You are right in indicating that both of these excellent short stories have ironic endings. I would like to deepen this by pointing out that both of these short stories use situational irony in the endings that they describe. Let us remind ourselves that situational irony is defined as when something happens that is the opposite of what we would normally expect to happen.
Clearly, the ending of "Lamb to the Slaughter," where we see Mary Maloney's transformation from a pathetically loving and dedicated wife to a cold-blooded, callous murderer who delights in the way that she tricks the policemen into consuming the murder weapon is a prime example of this. We would never expect, from the way that Mary Maloney is described at the beginning of the story as she awaits her husband's return from work, that she could ever giggle as she does at the end of the story as the policemen enjoy the meal she prepared for them and talk about the murder weapon:
One of them belched.
"Personally, I think it's right here on the premises."

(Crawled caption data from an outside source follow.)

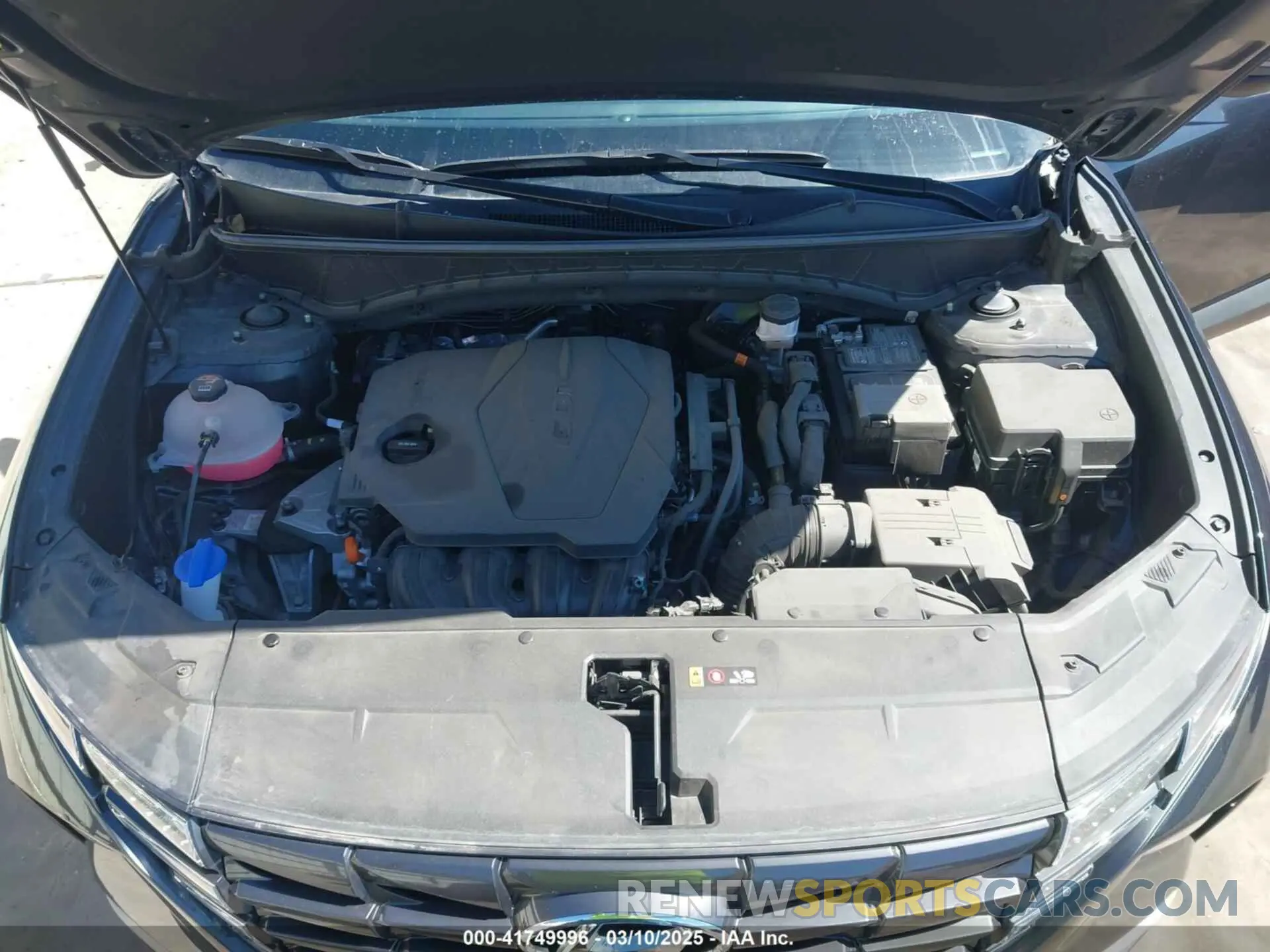 10 Photograph of a damaged car 5NMJFCAE6PH187852 HYUNDAI TUCSON 2023
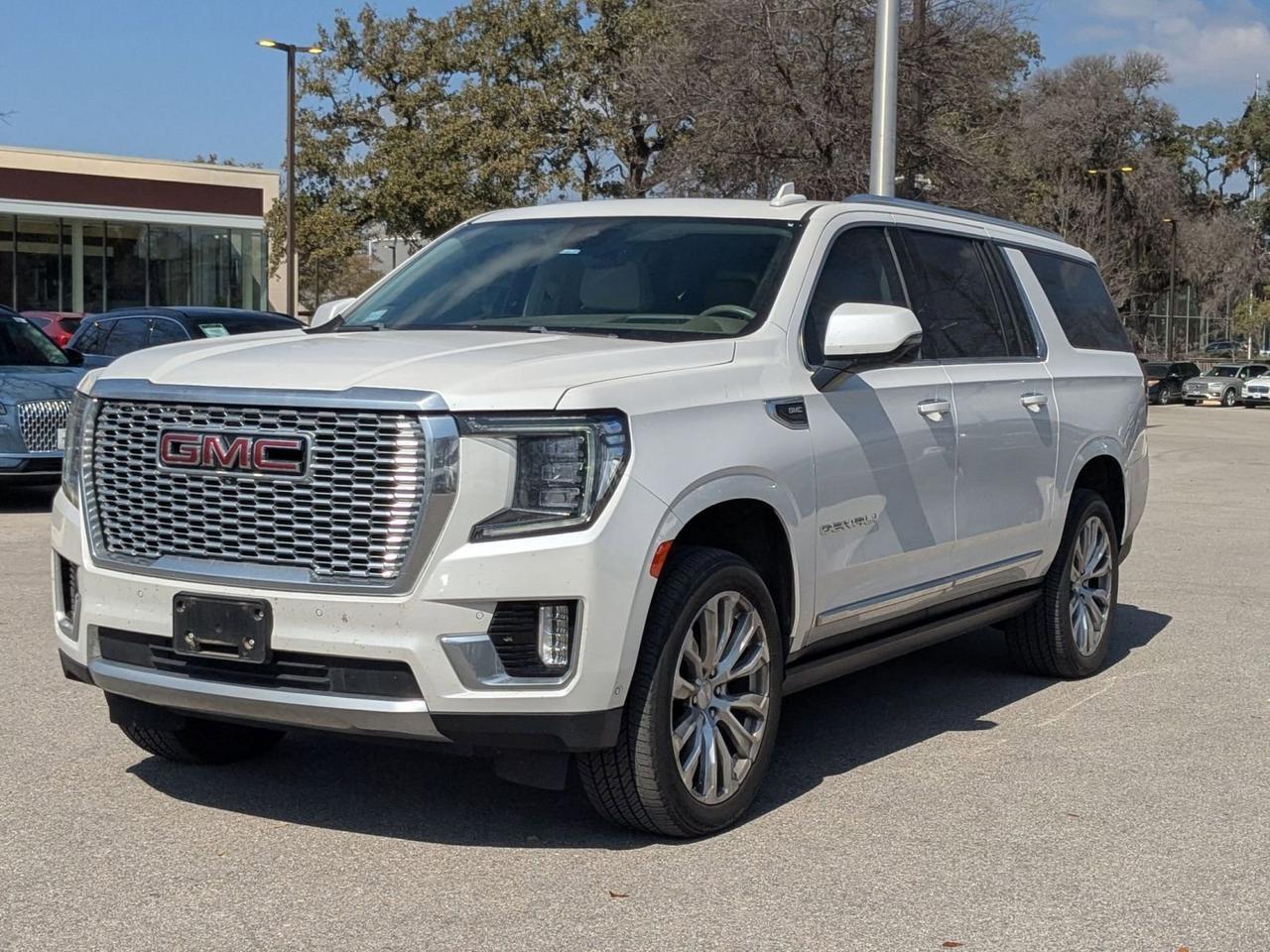2023 GMC Yukon XL Denali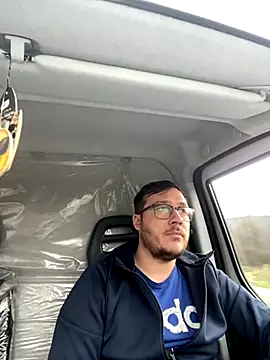 ionut9879 online show from 12-04-24, 06:16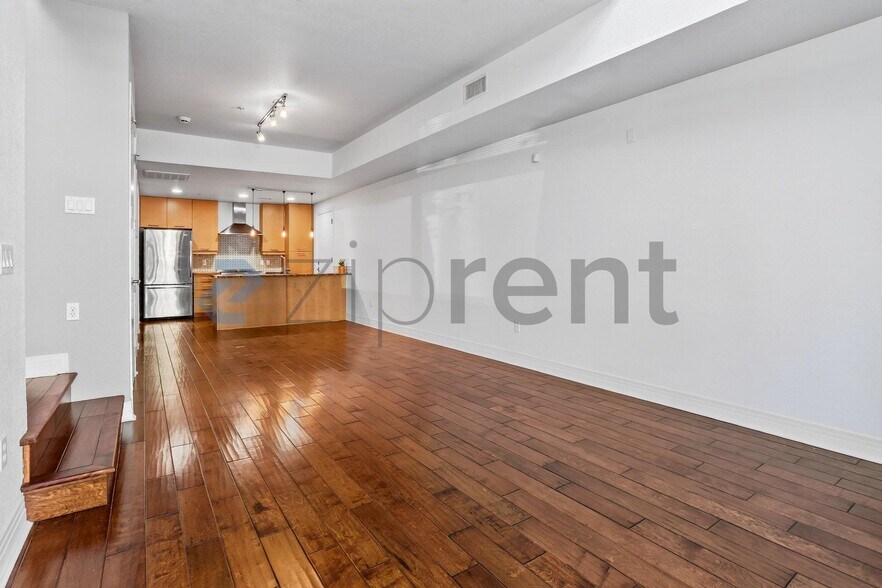 Building Photo - Unit 101
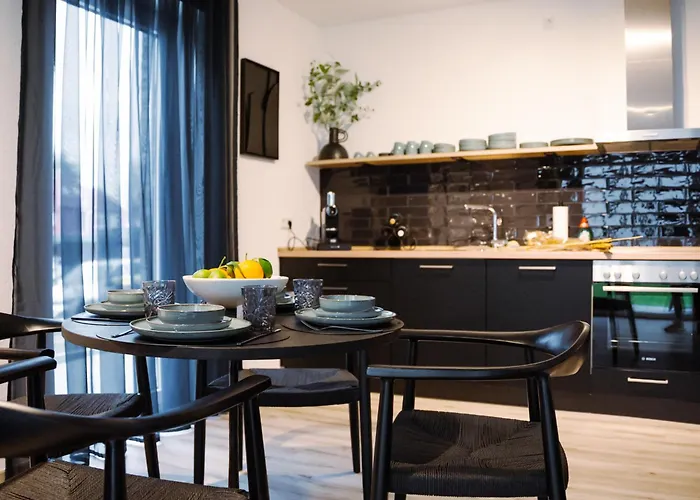 Appartement Lio Deluxe Kueche Terrasse Parken Netflix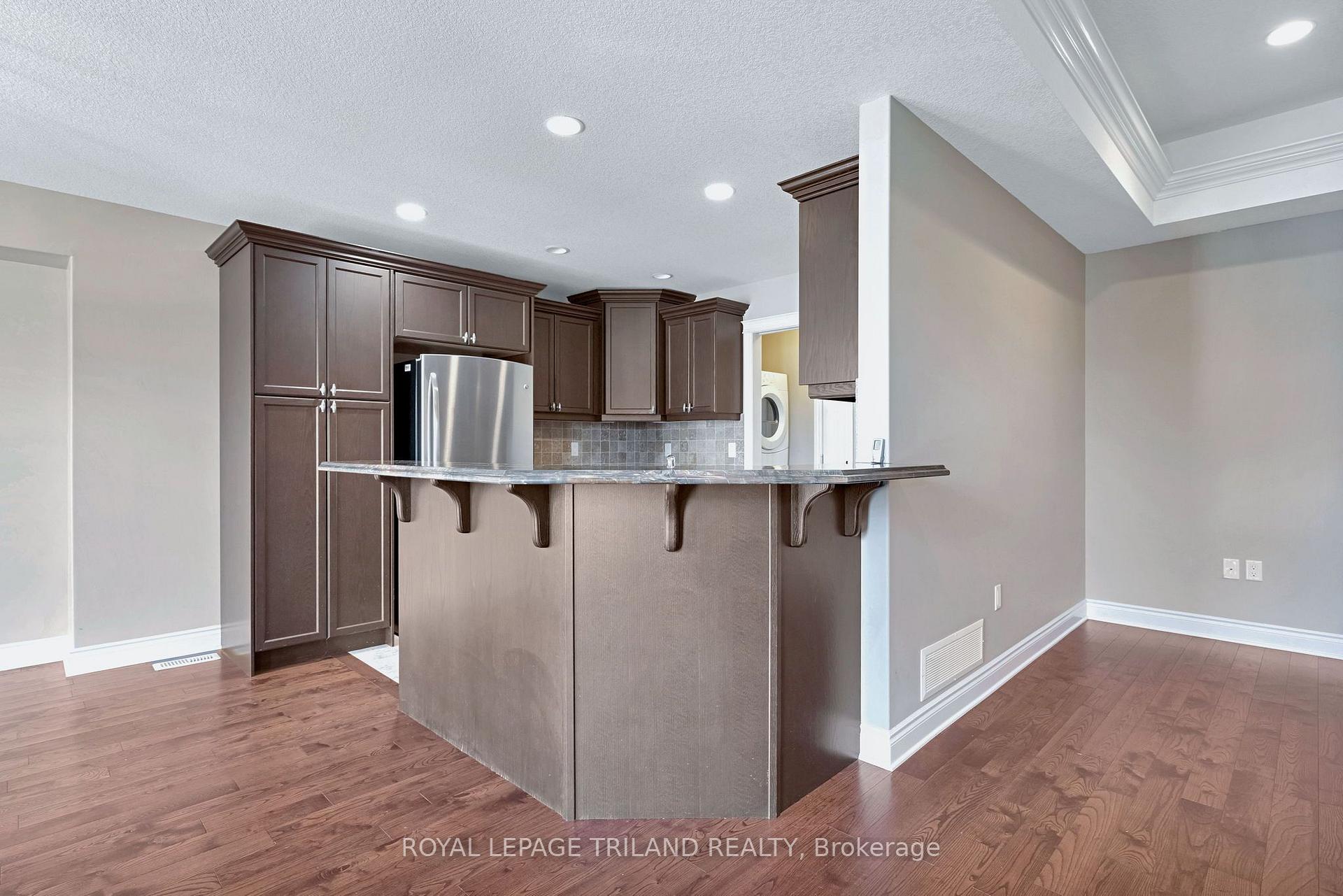 Photo 15 of 35 Cassie Crescent, Strathroy-Caradoc, NE — HOMEH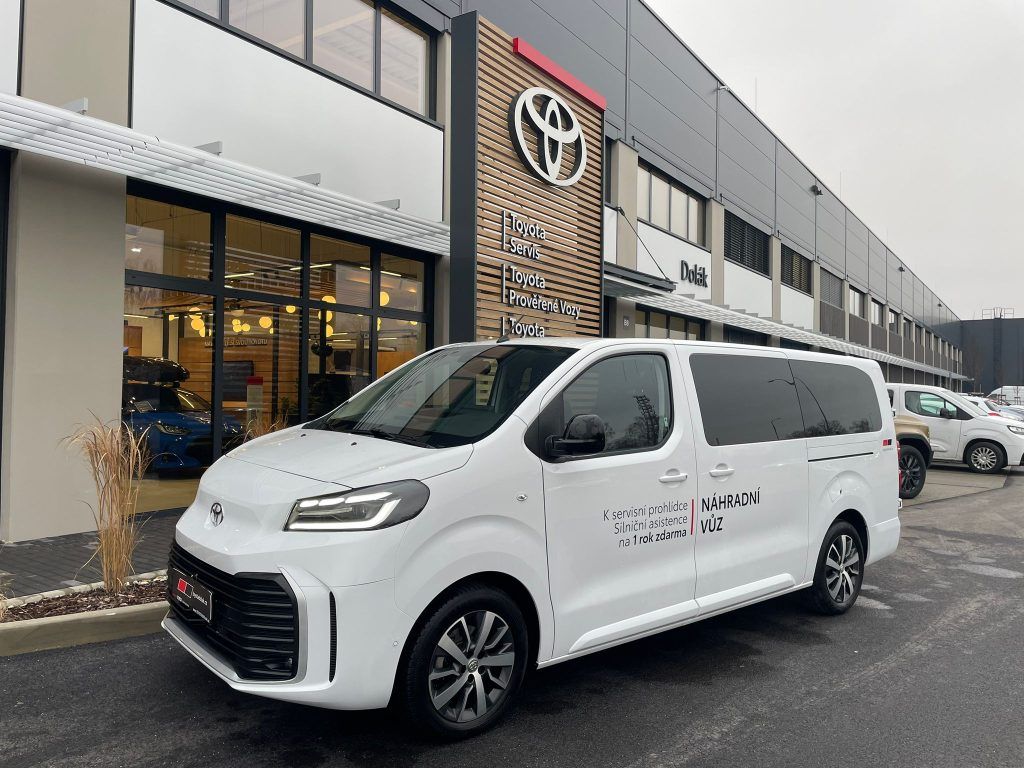 Toyota ProAce Verso 2.0D-4D 144HP M/T Business 8S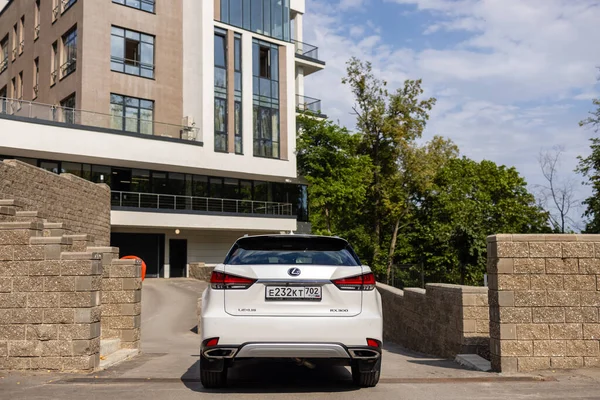 Ufa, Rusya - 13 Ekim 2020: Lexus RX300 şehir caddesinde bir araba.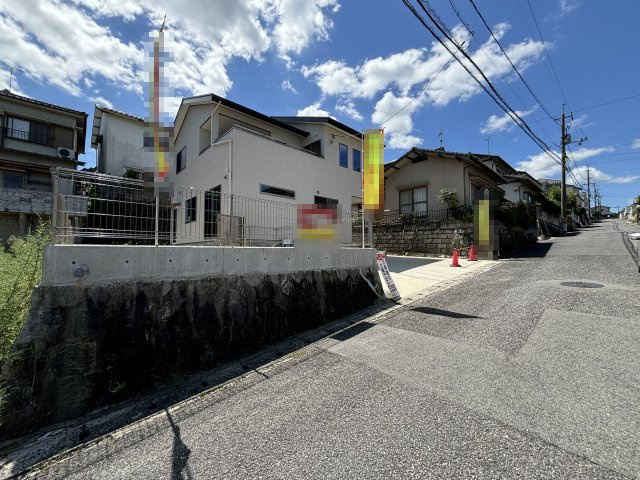 中古戸建　　相田3丁目の前面道路含む現地写真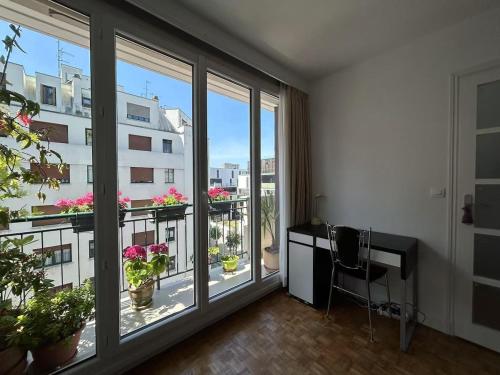 Vue sur la tour Eiffel, agréable appartement T2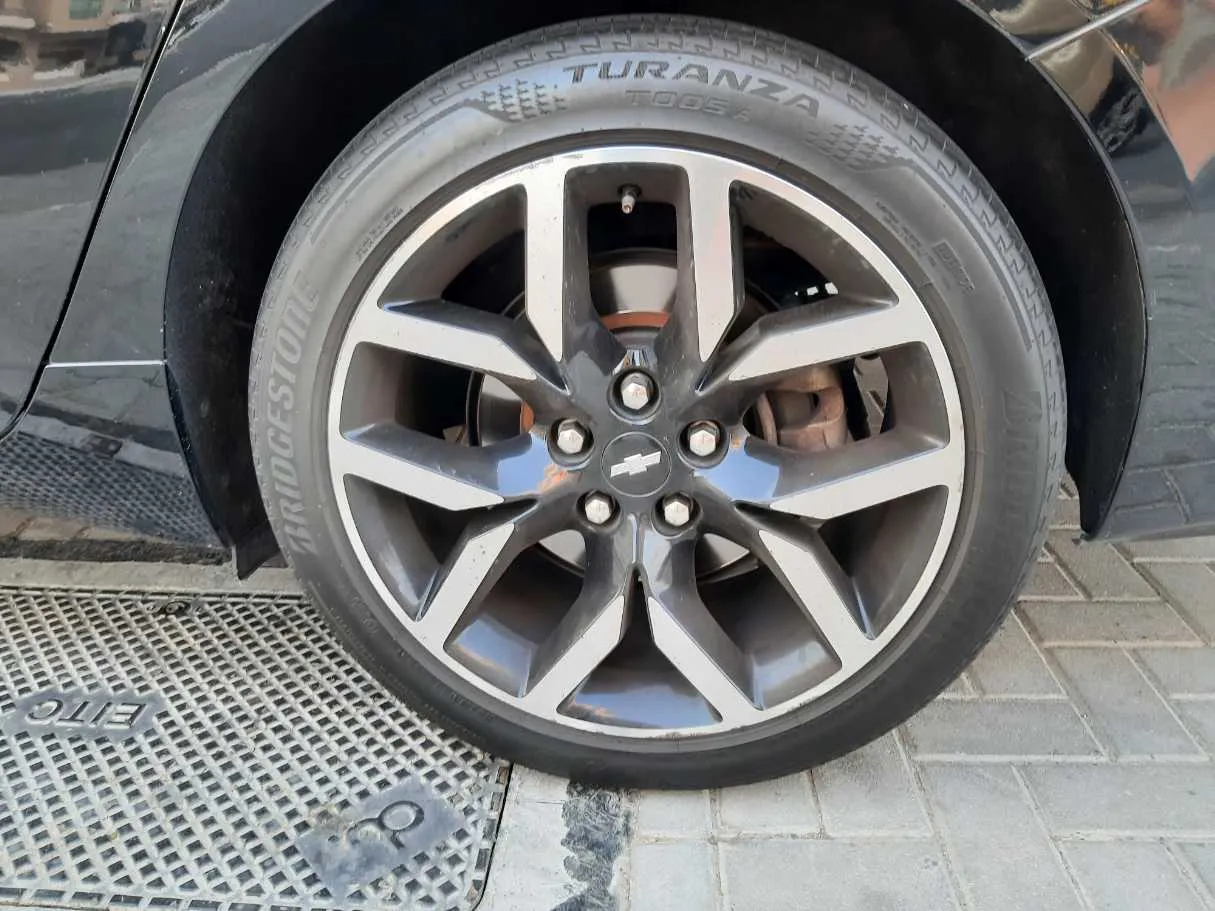 Car image 9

"Probably right under our very noses. What you think, Jack?"
And in the other room, Mary Maloney began to giggle.
Of course, note how this ending also combines dramatic irony with the situational irony, as the policemen are unaware that the murder weapon is right under their "very noses," as they eat it.
In the same way, the ending of "The Gift of the Magi" involves biting situational irony as we realise that, in selling her hair to buy Jim a fob for his watch, she is unable to enjoy the combs that he has sold his watch to buy, just as he is unable to use the watch fob that she has sacrificed so much for. In both stories, then, the opposite of what we expect happens, thus demonstrating the power of situational irony.